Little Feet

So, most every portable computer I’ve ever used (all Macs) has had a problem about its little rubbery feet. They come off. No, I take it back, my old Graphite iBook didn’t have the problem, but you know what I mean.

On the older models, the feet were stuck onto the surface with some kind of adhesive that always failed, leaving a nasty sticky spot on the bottom of the computer. On white iBooks and metal PowerBooks, the feet snap into little expensive-looking metal sockets, and this is a better design but still not good enough. The feet still pop out if, for example, they are dragged across a surface that offers a lot of friction. And if it happens often enough they either get lost or break.

It happened to me with my trusty iBook. First I tried various lame experiments about gluing the broken foot back into the socket. No luck. I didn’t want to use superglue or epoxy or anything that drastic because there’s a screw craftily hidden inside the socket, that might have to be unscrewed for repairs. And all the rubbery, removable glues I tried just wouldn’t stick at all.

So I went looking for a replacement. I tried the local low-level Mac repair place, and the guy there said they were out of them but he would order them and it would take 24 hours. Ha ha ha! I went in 48 hours later and found another guy who said only high-level Authorized Repair Stations could get the feet.

Next I went a-googling, and found out that Apple sells the feet in 3-packs, but only to resellers. And the resellers will sell you a 3-pack for $19.95. About this point, smoke began to come out of my ears. After adding tax and shipping, I figured I’d be spending close to ten bucks for the foot I needed, and another twenty for the two I didn’t need.

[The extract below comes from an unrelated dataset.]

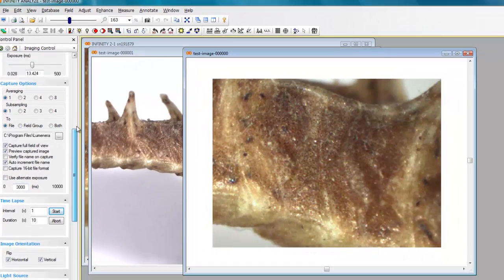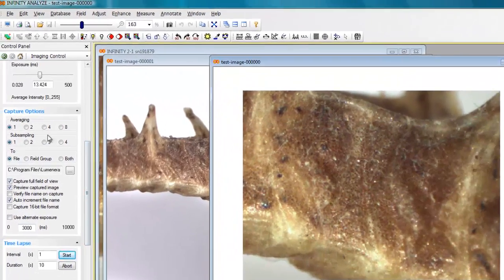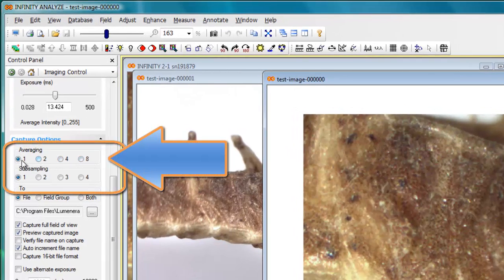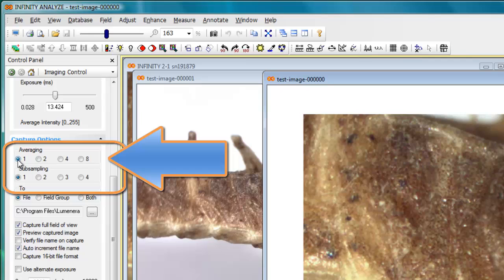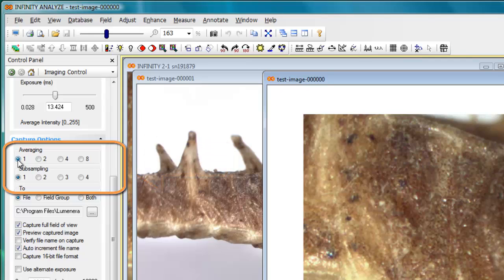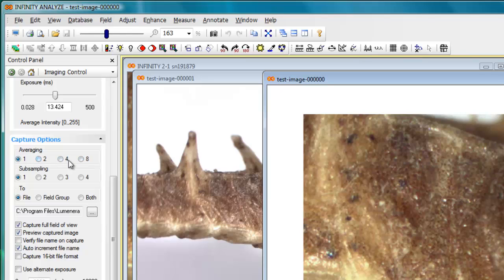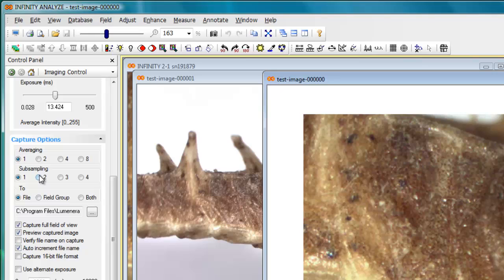Up at the top of the capture options dialog box, I've got a few rows of radio buttons. Averaging allows you to capture an image that's based on a 1, 2, 4, or 8 frame average. If you have a somewhat noisy imaging environment, high gain or longer exposure, and you want to reduce some of the background noise in that image, some of the random noise can be averaged out by selecting an average frame. And by averaging 2 frames, 4 or 8 frames together, you'll get a different result.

At that point I did what anyone else in my position in this day and age would do: I went to a web discussion board to bitch and moan. How inelegant and non-classy and dumb of Apple, I fumed. Why not sell 10-packs to retailers for ten bucks, and then the retailers could sell one foot for five bucks, or whatever, and make everyone happy? Man, I could run Apple SO much better than Apple does.

A bunch of people told me to go buy stick-on rubber feet at a hardware store. What?!?!? Stick big clumsy ugly generic feet on my sleek and lovely iBook? Never!

One guy said I should make a video of me going around town putting up signs denouncing Apple for mistreating its customers. /8^D

But then another guy said “When I had the same problem, I went to the Apple Retail Store and the Genius gave me a new foot and a bottle of water.”

Well duh.

I marched on down to the Store, hung out at the Genius Bar for a while watching a new space-bar being installed, then told the Genius my problem. By the time I finished my sentence he was opening a drawer and fishing out a shiny new iBook foot, which he handed over with a smile. Hey, if anyone from Apple Retailing is reading this, that was Eric at the Palo Alto store.

Those stores do a lot more than just ring up sales at the cash register. A while back my wife had some technical problem that I couldn’t help with, and I told her to go down to the Store and ask the Genius. She was too lazy: she just called up the store and asked whoever answered the phone about her problem. And got a cheerful and correct answer. Just think about that in the context of all the miserable tech-support experiences we read about and experience all the time.

Sorry for rambling on about it, but this was a really refreshing experience for me and I just wanted to give the Apple Store credit for completely reversing my attitude about those little rubbery feet.